I’d not seen it until this weekend when Fathom Events and Turner Classic Movies presented it in a limited run on the big screen. I was also not all that familiar with Bette Davis work. I’m sure I’ve seen her in a movie or two, and certainly I know her name (and can’t stop singing that song whenever I hear it). After watching All About Eve, she’s rocketed into my list of actresses to pay attention to.
Davis plays Margo Channing, an aging Broadway star (and by “aging” I mean she’s just turned 40, which is closer to death on the stage – and Hollywood – than life). She’s currently starring in a successful play, Aged in Wood, by Lloyd Richards (Hugh Marlowe). She’s getting rave reviews and packed crowds but is concerned that she won’t be able to play these younger roles much longer.
One night. Lloyd’s wife and Margo’s dear friend Karen (Celeste Holme) brings beautiful ingenue Eve Harrington (Anne Baxter) to meet Margo. Eve is a huge fan of Margo, having seen every performance of Aged in Wood, and her glowing praise of the aging star earns her a place in Margo’s entourage. Soon, the two become close friends with Eve becoming intricate to Margo’s daily life.
All goes well for awhile with Eve becoming the perfect friend and assistant but soon Margo begins to suspect that Eve wants more from her than the love of a celebrity. She wants to be that celebrity. She wants to become Margo. The tension this causes makes for quite a movie.

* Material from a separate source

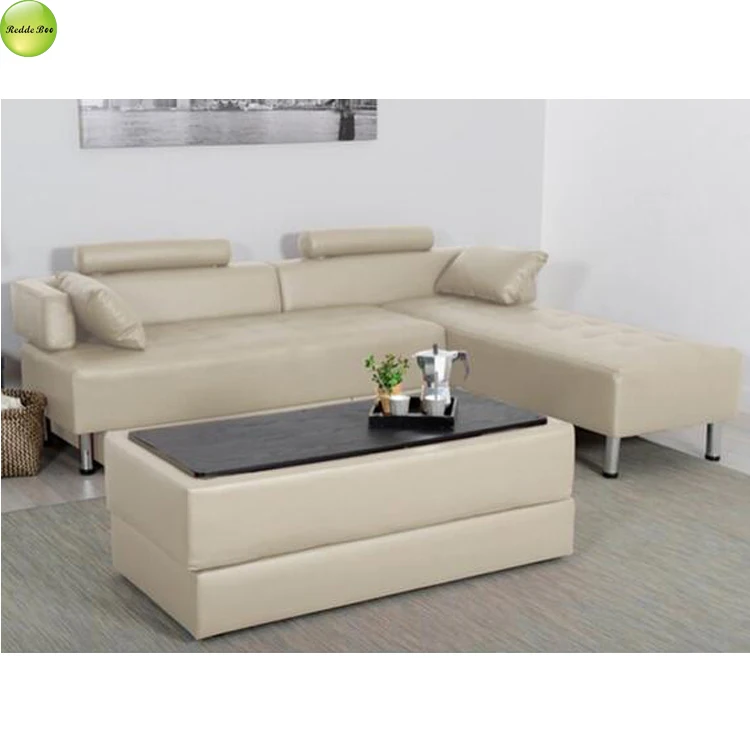 Modern White Folding Sofa Bed Turns To Sofa 3 Pieces With Storage Place Leather Furniture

Bette Davis is fantastic. The way she can throw knives with her eyes is a thing of rare beauty. Anne Baxter gives a slightly subtler performance as the little girl with a sweet exterior but who will stop at nothing to achieve her dreams. Going into the film, I knew George Sanders won an Oscar for his performance but I wasn’t really sure who he played. At first, I figured he was either the boyfriend or the playwright, but somewhere in the middle I started really noticing the character of Addison DeWitt as the cynical critic who helps Eve with her goals but always with the knowledge of who she really is. Of course, he is played by Sanders and he deserves his award but it was kind of wonderful to come into it not knowing who he was and being utterly won over by the performance.

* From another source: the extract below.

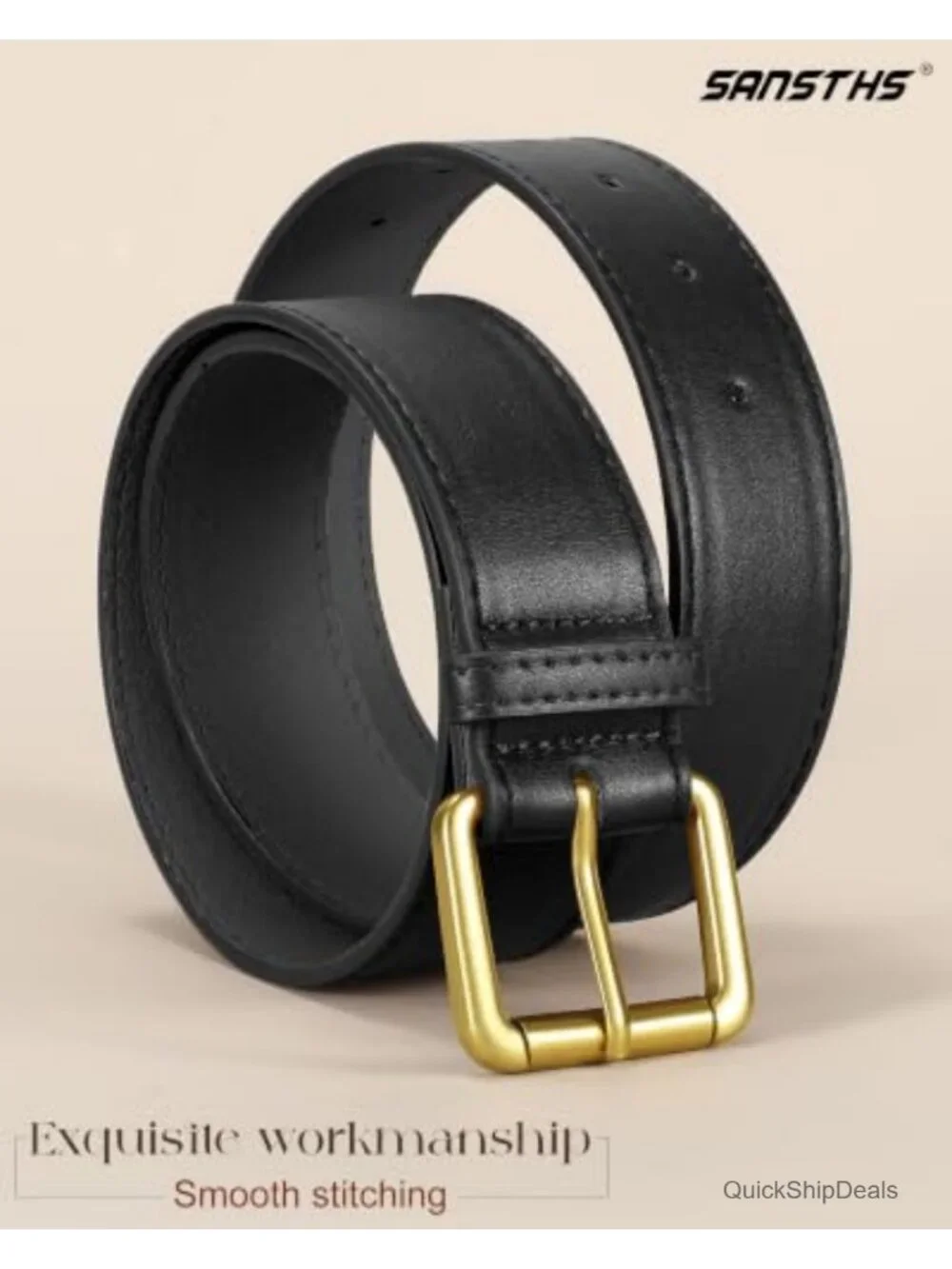 Women's Faux Leather Belt with Square Pin Buckle 1.8 Inch 9 Holes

All About Eve is the sort of old Hollywood movie they could never make today. There is a stiltedness to the acting that wouldn’t work for today’s audiences. It’s the sort of film where when Margo delivers her famous “Fasten your seatbelts. It’s going to be a bumpy night.” line she says it climbing a set of stairs, pauses, turns around, and performs those lines. It’s utterly unnatural and absolutely perfect.
All About Eve is a great film It was such a treat to see if get the big screen treatment. Ben Mankiewicz often delivers the introductions to these films on TCM and their monthly big screen screenings, but it was especially nice to see him talking about this film as it was his great uncle, Joseph L. Mankiewicz, who wrote and directed it.